Avec lui la vie est comme un conte acidulé écrit à l’encre rouge du coeur.

Ses ouvrages et ses chansons sont des bonbons au goût intime et à la poésie amusée, à consommer sans modération!

Pour READING WILD il a accepté de dévoiler ses livres préférés ; ceux qui l’inspirent, et ceux qu’il aime lire.

Rencontre avec un auteur-lecteur, kidult sincère et tendre, qui ne se prend pas au sérieux !

[READING WILD] Mathias Malzieu, quel lecteur êtes-vous ? Lisez-vous plusieurs livres en même temps, un seul livre à la fois ?

[MATHIAS MALZIEU] Ça dépend des périodes… Mais c’est vrai que je lis souvent plusieurs livres à la fois, en même temps… Surtout dans les périodes de tournée. Finalement j’ai presque un livre pour chaque mode. C’est à dire que je vais avoir un livre qui traîne dans le « tour-bus », que je vais avoir plaisir à retrouver le soir, quand l’adrénaline commence à redescendre et que le bus part de ville en ville. J’aime bien avoir mon petit livre, comme ça, que je retrouve… Et pour autant quand je vais retourner chez moi, je vais en lire un autre. Ce n’est pas une femme dans chaque port mais un livre dans chaque port (rire)

 

[RW] Ce goût de la lecture il remonte à votre enfance ? Il est venu très tôt ?

[MM] Non. Il est venu tard. Enfant j’étais un peu un hyperactif. Du coup j’avais beaucoup besoin de me dépenser physiquement ; donc la lecture ça ne convenait pas trop à cela. En tout cas, ça n’a pas convenu tout de suite. J’étais vraiment plus dans l’activité sportive etc… Il a fallu que je tombe sur des profs de français qui m’ont passionné vers la seconde. Et que je me fasse toute une culture qui n’était pas que livresque en fait, qui était vraiment disque et cinéma. J’ai commencé à découvrir à la fois Tom Waits, le cinéma de Jarmush , la Beat Generation… Et j’ai commencé vraiment à me dire : « ah il y a des trucs pour moi ». Pas juste pour lire et pour avoir de la connaissance, des trucs pour moi avec les Kerouac, Ginsberg, Burroughs ; et finalement ça a été un tremplin.

 

 

[RW] Quels sont les premiers auteurs qui vous ont marqué ?

[MM] Les vrais premiers auteurs qui m’ont complétement plu, arrivent juste après ; c’est des gens comme Brautigan, Fante, et puis la poésie de Maïakovski, des choses comme ça.
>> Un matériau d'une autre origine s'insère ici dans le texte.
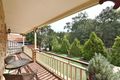 Property photo of 22 Plumdale Way Woodvale WA 6026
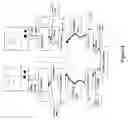 Fig. 05 - Transmitting a synchronizing signal in a packet network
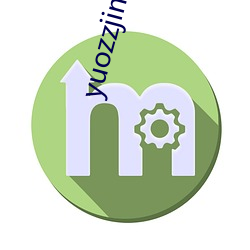 yuozzjimobile中國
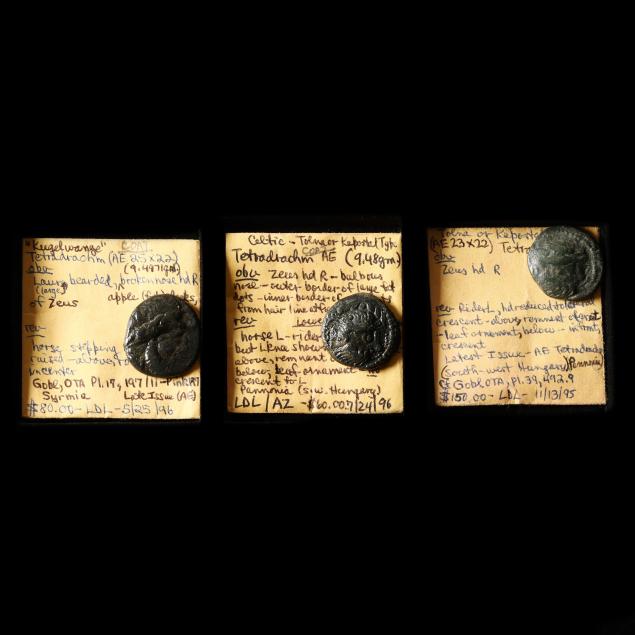 three-3-celtic-bronze-tetradrachms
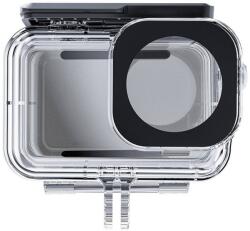 TELESIN Carcasa subacvatica Telesin pentru DJI Osmo Action 3/4/5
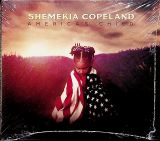 Copeland Shemekia America's Child
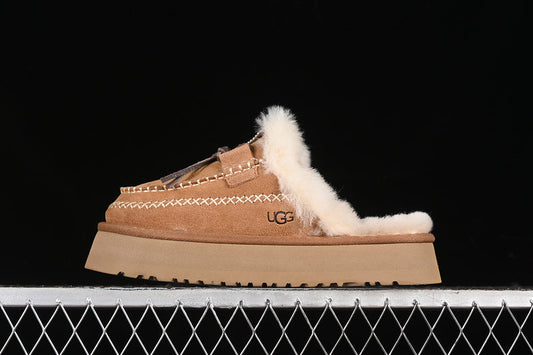 UGG – Alpine Floppy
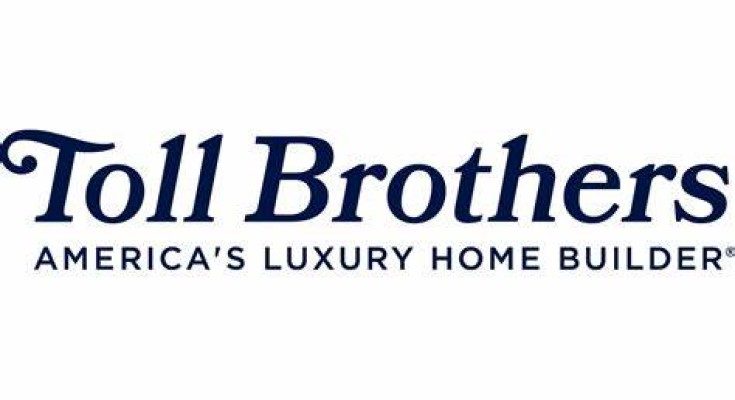 Toll Brothers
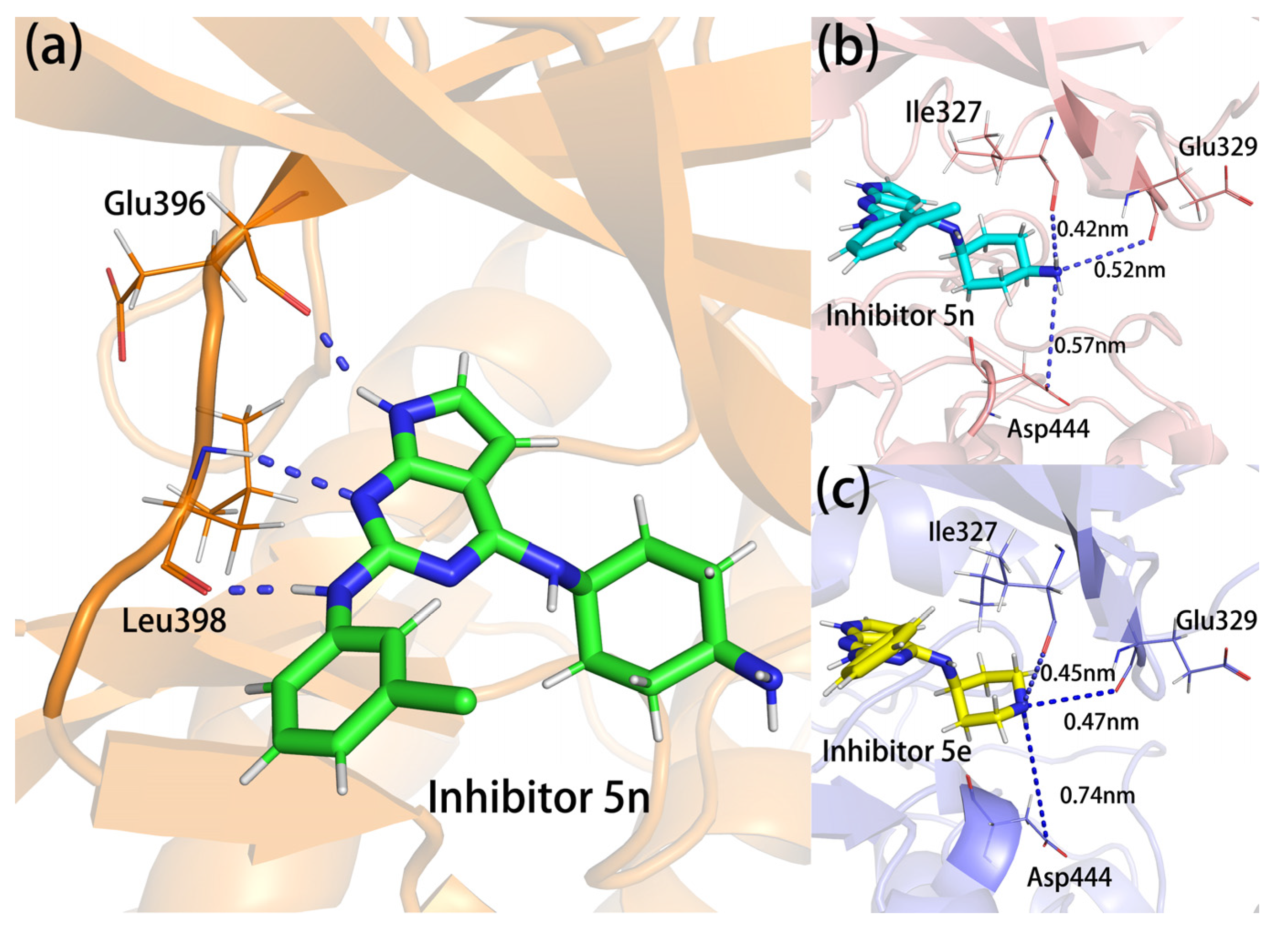 Molecules 28 00413 g007 Molecules 28 00413 g007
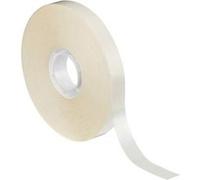 904644 Film adhésif transparent (L x l) 44 m x 6 mm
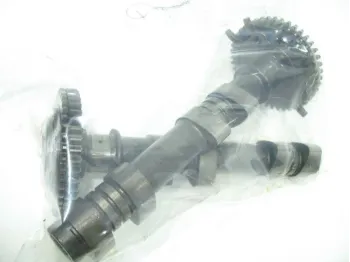 Arbres à cames HONDA VFR 800 FI 1998-2001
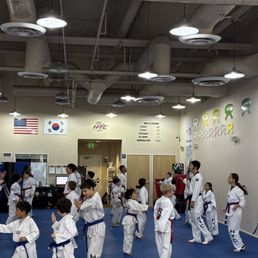 Classroom Classroom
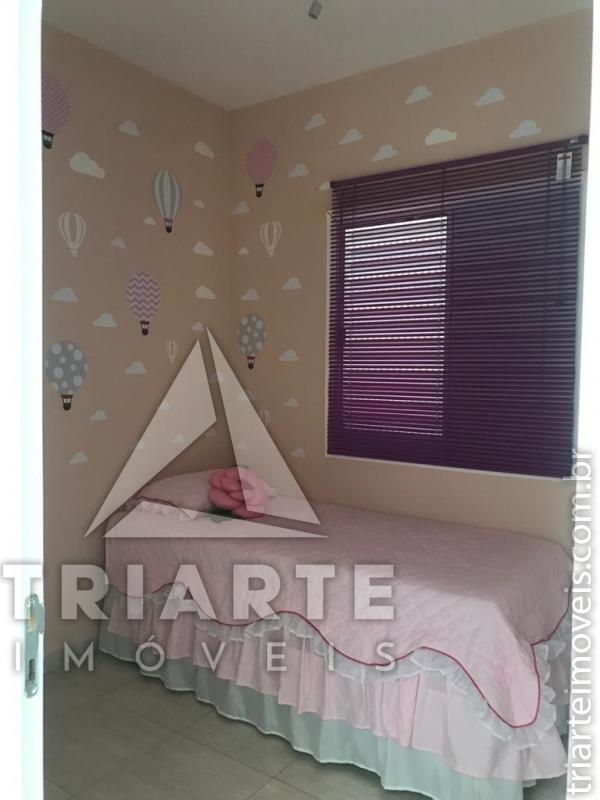 Sobrado à venda com 4 quartos, 197m² - Foto 6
C’était les premiers trucs qui se connectaient avec des chansons que j’avais écoutées. J’ai remonté un arbre généalogique qui venait parfois du cinéma ; comme par exemple Walt Whitman que j’avais découvert comme tous le monde dans « Le cercle des poètes disparus » mais aussi dans « Down by law » de Jim Jarmush… Il y a eu plein de petits voyages . Maïakovski c’est dans une chanson de Noir Désir. Autant de petites découvertes  comme ça où je ne remontais pas de manière classique le courant des choses qui me passionnaient. Et je suis tombé sur des trésors qui comptent encore pour moi aujourd’hui.

 

[RW] Ce lien entre les livres et la musique… C’est un lien que vous avez développé vous-même dans votre créativité. Ecrire mais en même temps développer un album en écho ou en synergie  par exemple…
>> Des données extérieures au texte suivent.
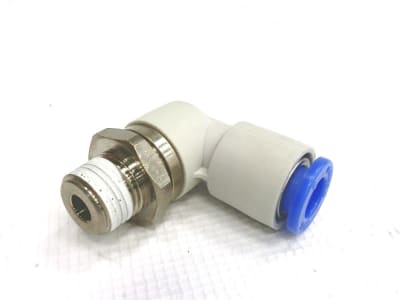 SMC KSL06-01S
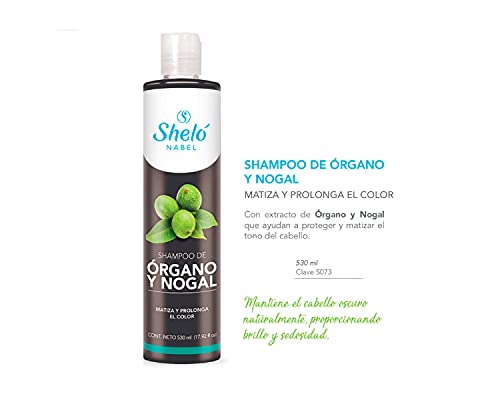 Cuidado Para El Cabello, Drugstore Imagen adicional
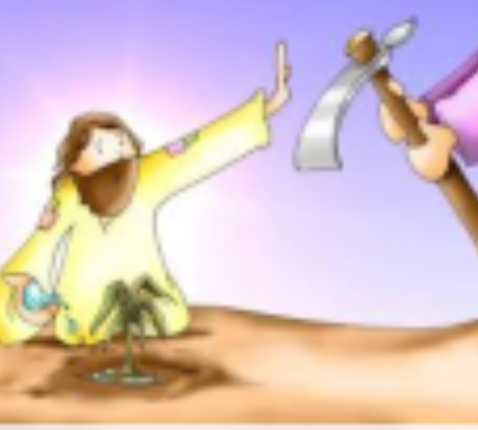 dag van de godsdienstleraar SO 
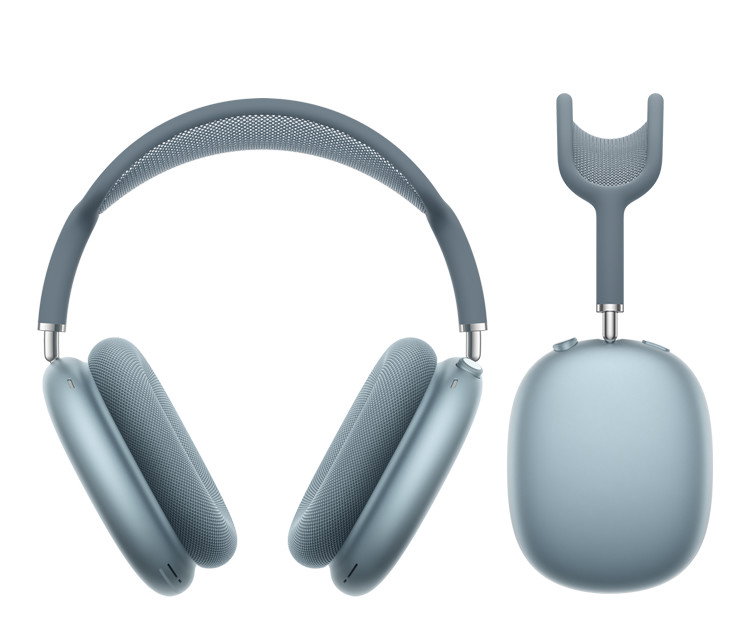 AIRPODS MAX_0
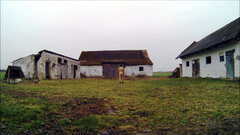 ŁYSAKÓW - gospodarstwa 20260330_0821.mp4_snapshot_00.11_[2026.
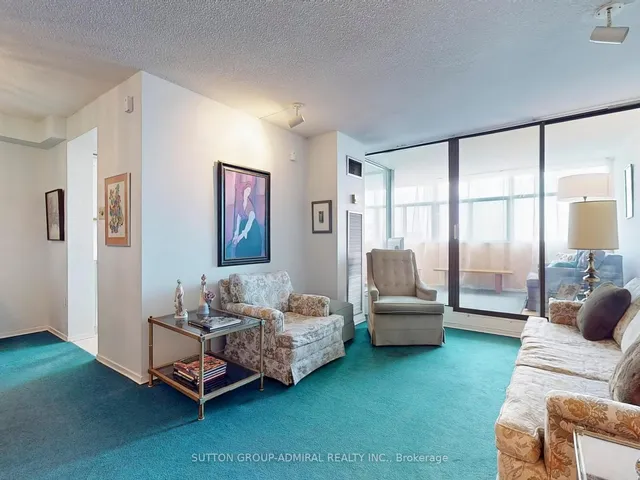 Additional image 10 of 100 Antibes Dr Unit 1204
[MM] Oui parce que finalement le spectateur, le lecteur, ou le consommateur de musique et de films, en réalité c’est le même que le créateur. Je ne suis pas une autre personne. Je ne me mets pas dans une posture quand j’écris ou quand je compose. Quand j’essaie de raconter moi-même des histoires c’est la même passion qui m’anime.  La passion de mon propre univers est nourrie par la passion de l’univers des autres.

Que ce soit juste une rencontre, un voyage, ou que ce soit spécifiquement un livre un film ou un disque, finalement je produis de la même manière que je consomme.

 

[RW] On dit souvent des livres que ça « fabrique » de l’ imaginaire… Vous Mathias qui avez justement un univers hypersensible , qui êtes un ultra créatif, c’est quelque chose que vous ressentez dans votre affinité avec les livres, ce rapport à l’imaginaire ?

[MM] Eh oui. Le livre , c’est l’intimité absolue, c’est-à-dire que même si je ne fais pas de hiérarchie entre le film, le disque et le livre, c’est un moment vraiment différent. Un disque on prend des photos , je mets la musique et c’est chouette. Par contre un livre , non, un livre c’est l’intimité absolue.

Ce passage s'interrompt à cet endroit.